Leave out the pictures and print precisely the lines from the line with "上海期货铜费用(上海期货铜库存数据)" to the final line of the entries, both ends included.

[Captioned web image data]
------------------------------------------------------------

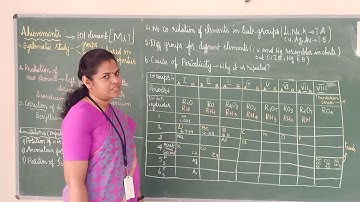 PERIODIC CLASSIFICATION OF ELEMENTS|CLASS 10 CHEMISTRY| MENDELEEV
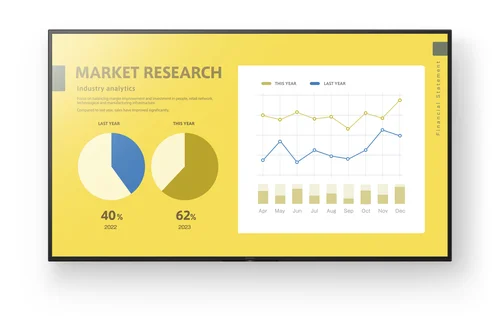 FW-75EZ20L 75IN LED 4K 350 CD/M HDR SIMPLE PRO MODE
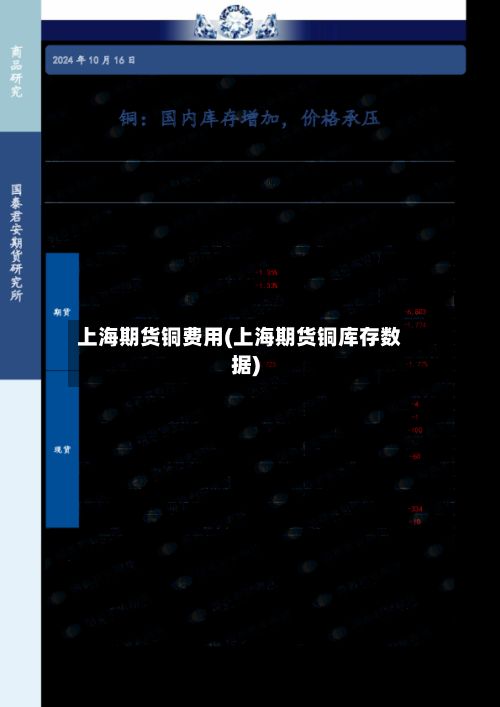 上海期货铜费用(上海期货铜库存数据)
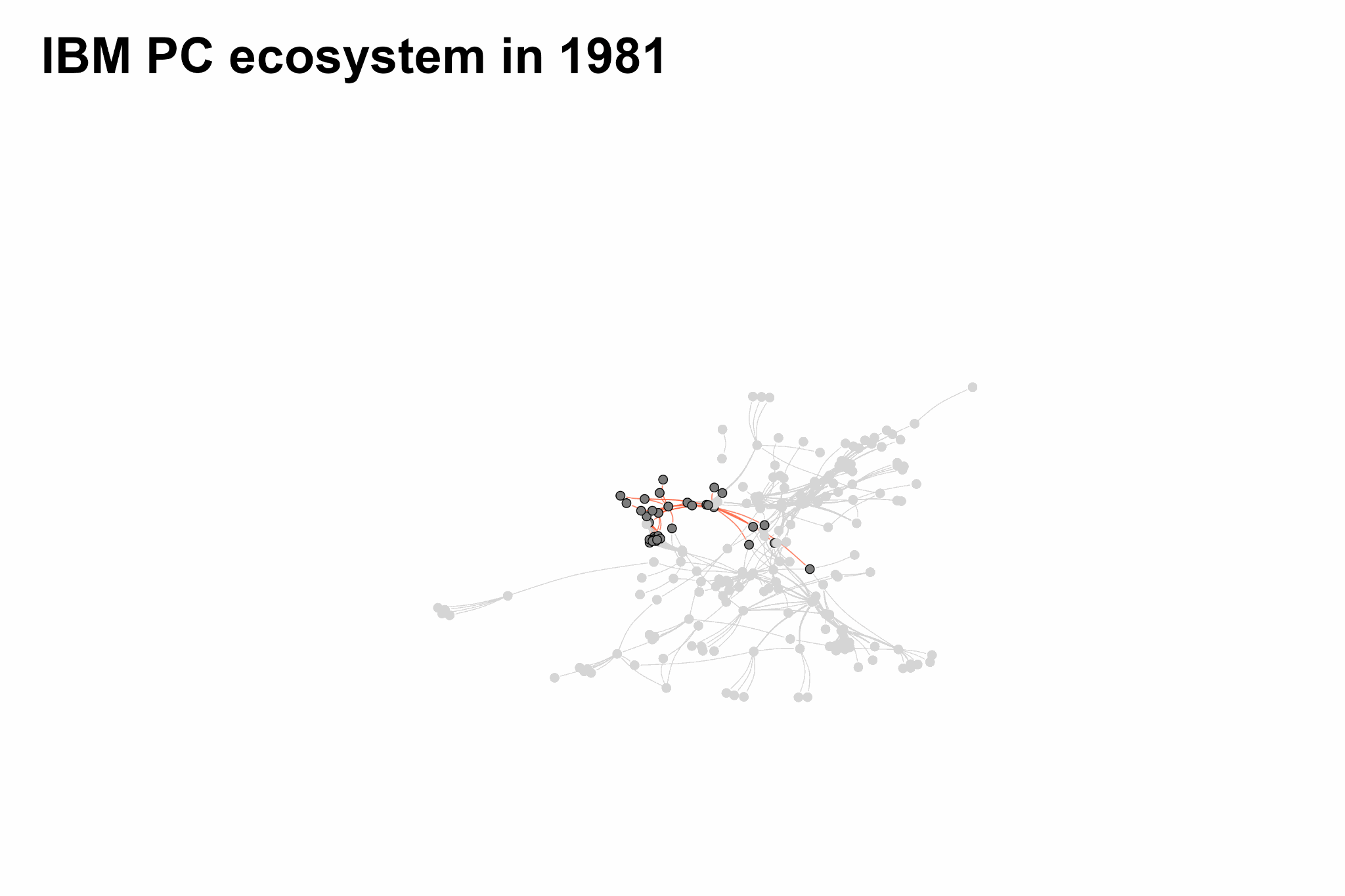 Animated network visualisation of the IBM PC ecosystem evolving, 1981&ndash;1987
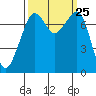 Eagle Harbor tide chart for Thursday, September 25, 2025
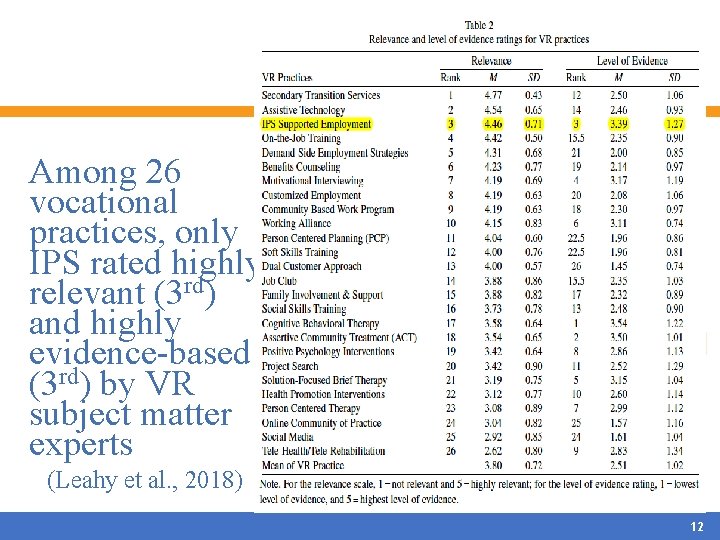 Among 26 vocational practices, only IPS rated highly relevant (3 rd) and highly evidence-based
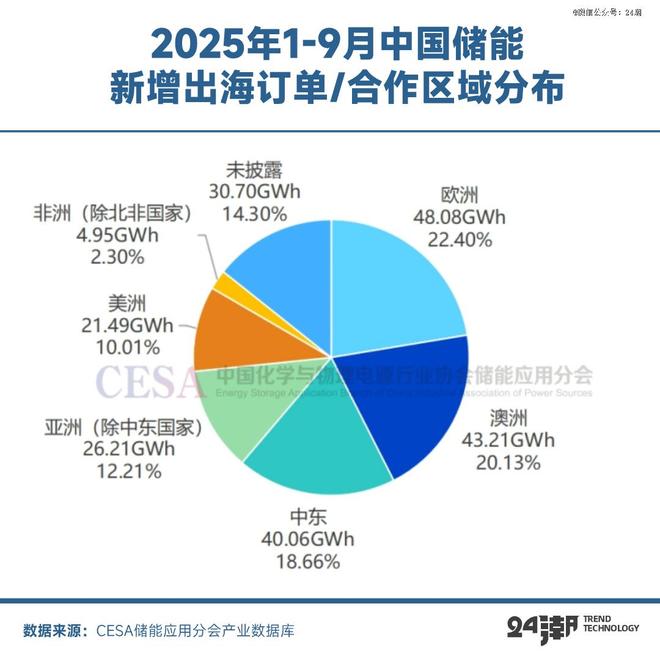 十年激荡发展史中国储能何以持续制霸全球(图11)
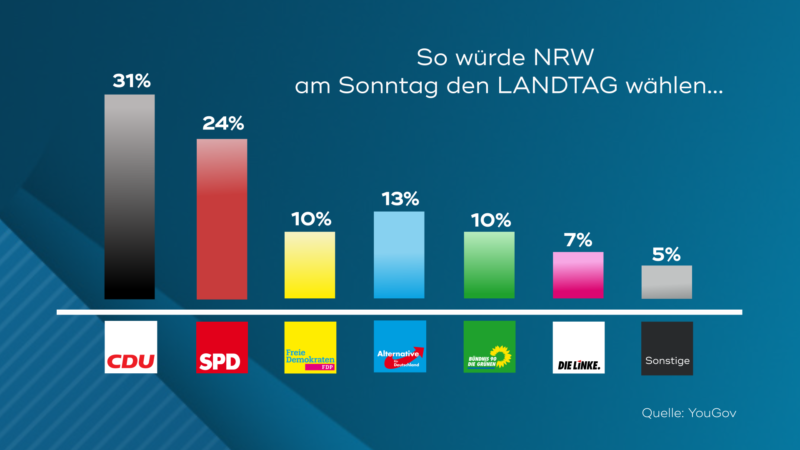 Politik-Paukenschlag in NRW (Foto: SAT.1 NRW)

------------------------------------------------------------

Response area:
 上海期货铜费用(上海期货铜库存数据)
 Animated network visualisation of the IBM PC ecosystem evolving, 1981&ndash;1987
 Eagle Harbor tide chart for Thursday, September 25, 2025
 Among 26 vocational practices, only IPS rated highly relevant (3 rd) and highly evidence-based
 十年激荡发展史中国储能何以持续制霸全球(图11)
 Politik-Paukenschlag in NRW (Foto: SAT.1 NRW)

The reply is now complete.